About this exercise: Nothing outside the range is to be copied. From the entries below, reproduce exactly the lines starting at the one with "a Leopoldo López" and ending at the one with "Building Photo - 130 River Landing Dr", without pictures.

Data in this exercise:
==*==

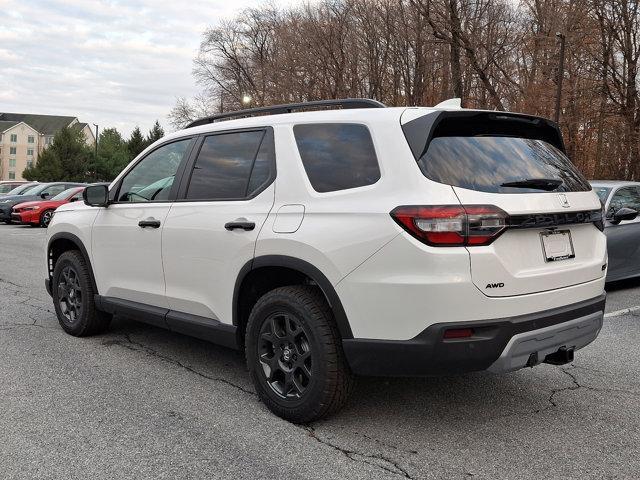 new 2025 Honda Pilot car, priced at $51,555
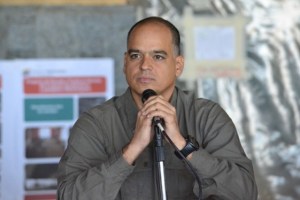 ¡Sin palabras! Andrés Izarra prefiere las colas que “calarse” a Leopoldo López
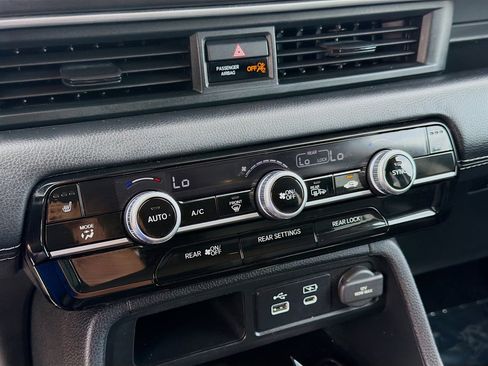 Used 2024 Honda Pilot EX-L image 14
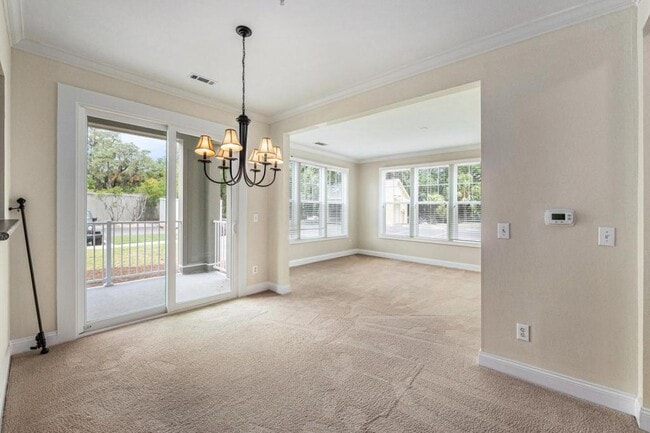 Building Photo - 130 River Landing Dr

==*==

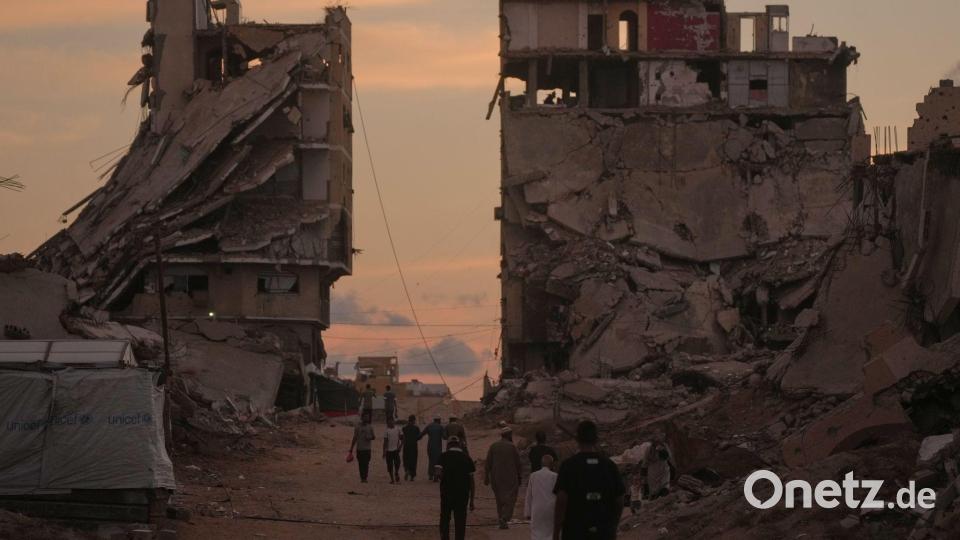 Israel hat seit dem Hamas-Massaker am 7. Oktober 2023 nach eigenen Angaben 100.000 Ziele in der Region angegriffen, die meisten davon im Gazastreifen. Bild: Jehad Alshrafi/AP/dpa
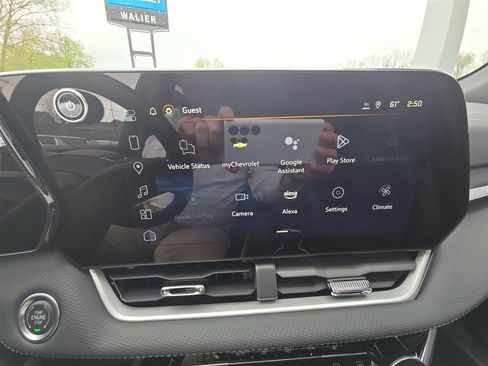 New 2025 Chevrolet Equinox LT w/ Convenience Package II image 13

==*==

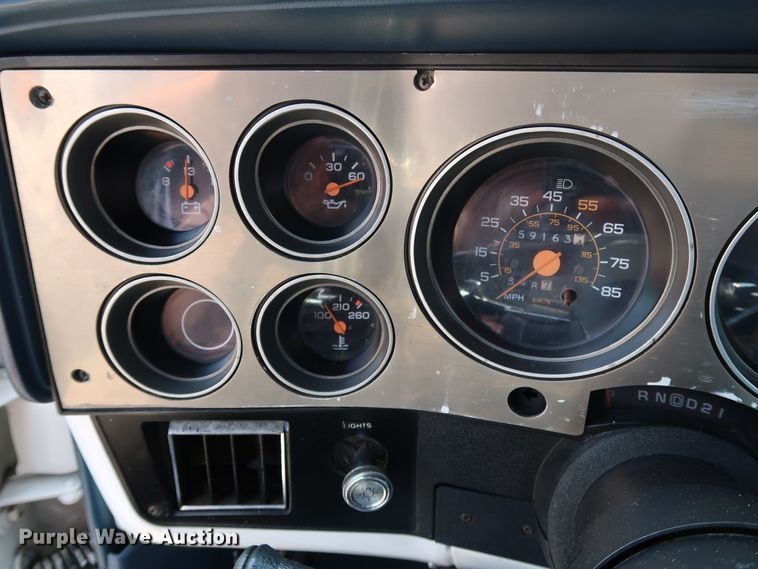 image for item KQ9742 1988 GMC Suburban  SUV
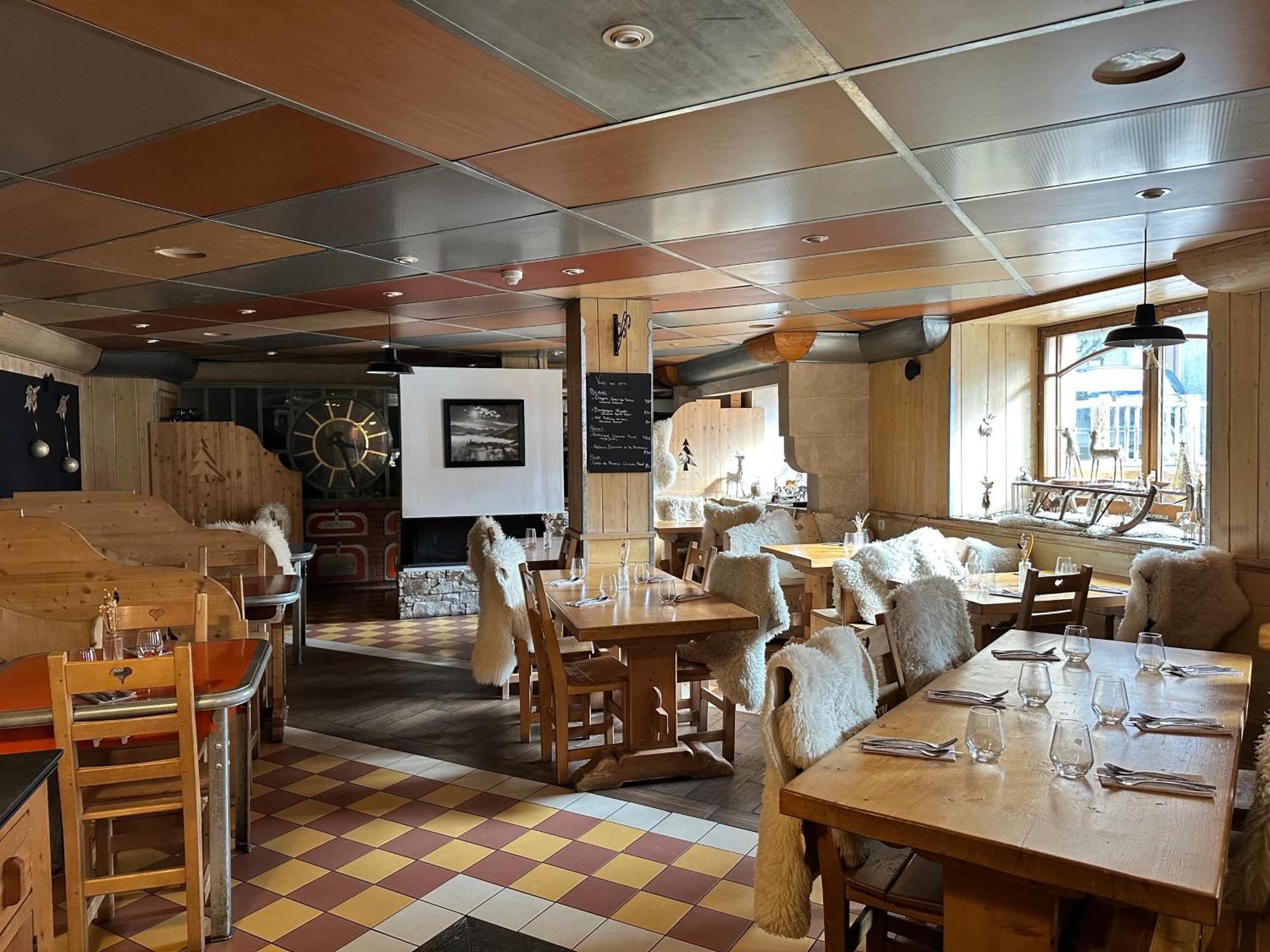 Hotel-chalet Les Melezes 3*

==*==

Written answer:
 ¡Sin palabras! Andrés Izarra prefiere las colas que “calarse” a Leopoldo López
 Used 2024 Honda Pilot EX-L image 14
 Building Photo - 130 River Landing Dr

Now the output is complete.